With Provence under constant attack, their legacy and safety depend upon powerful alliances. Marguerite’s illustrious match with the young King Louis IX makes her Queen of France. Soon Eléonore—independent and daring—is betrothed to Henry III of England. In turn, shy, devout Sanchia and tempestuous Beatrice wed noblemen who will also make them queens.

Yet a crown is no guarantee of protection. Enemies are everywhere, from Marguerite’s duplicitous mother-in-law to vengeful lovers and land-hungry barons. Then there are the dangers that come from within, as loyalty succumbs to bitter sibling rivalry, and sister is pitted against sister for the prize each believes is rightfully hers—Provence itself.

From the treacherous courts of France and England, to the bloody tumult of the Crusades, Sherry Jones traces the extraordinary true story of four fascinating sisters whose passions, conquests, and progeny shaped the course of history."

My Two Cents:

Marguerite, Eleonore, Sanchia, and Beatrice are all sisters and all queens. They all knew from very young ages that they would be married off to men who could increase their family's prestige and power. Talk about pressure. I'm not sure that I could function under that much pressure; I guess it's a good thing that I live now and not in those days. The fact that all four of these women become queens is fascinating.

Being one of three girls, I'm always fascinated with sister stories. That is a really, really special bond. In this book, you really get to see that bond between the sisters (although some of them seem to be more bonded than others throughout the book). This book explores a lot of loyalty issues. From a very young age, the sisters hear that family comes first; however, once they are married and off on their own in their own, they have other loyalties that start pulling on them. It was interesting to see how differently each sister dealt with the various pressures.

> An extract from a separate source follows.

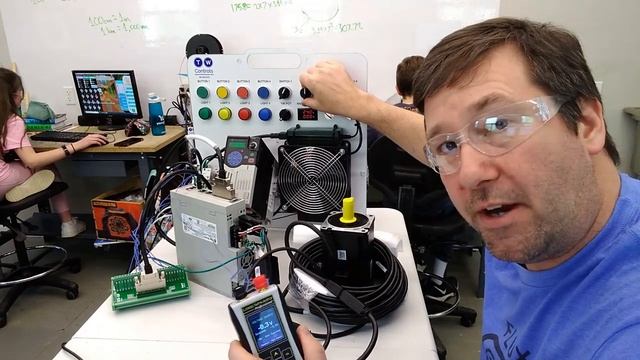 Introduction to Servo Motors and Motion Controllers смотреть онлайн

You get the sense that all four of the sisters have very different personalities, which makes it even more interesting.

The story focuses mostly on Marguerite, who becomes married to the French King, and on Eleonore, who is shipped oh so far away to become the Queen of England. I'm wondering if there isn't a lot of information on Sanchia and Beatrice as there is notably less on both of them. It would be interesting to know more about them.

One thing that I noticed in this book is that it is written in the 3rd person present point of view, which isn't something you see very much. It definitely took me awhile to get used to it but once I got into it, I appreciated that the style brought you into the book a little more actively.

Bottom line: I think this is a good book for historical fiction lovers who like stories about family ties.



  1. Third person present tense does take some getting used to, but it really works for some stories.

    This one sounds great! It's on my wish list. :)

    1. It worked well in this case, it just took me a bit to get used to!

  2. Thank you so much, Meg, for reviewing FOUR SISTERS, ALL QUEENS! I'm so glad you enjoyed it.

    And to answer your question: Very little information is to be had about Sanchia and Beatrice. Reading biographies of both their husbands didn't yield much, either. Beatrice was only a queen for a couple of years before she died, and Sanchia wasn't much of a queen at all, living in England and hating Germany as she did.

    As for the tense, I chose third-person present because I liked the sense of immediacy that it added to the story. As a reader, it made me feel as if I were really there.

  3. Third-person is different but sometimes it really works. I love historical family novels and added this one to my wishlist! Awesome review :)

  4. Hi -saw your review link from Mary @ Bookblogs. Great review -I was already interested in reading this one (saw it the other week somewhere)so have added it to my list. New follower also! You're most welcome to visit me.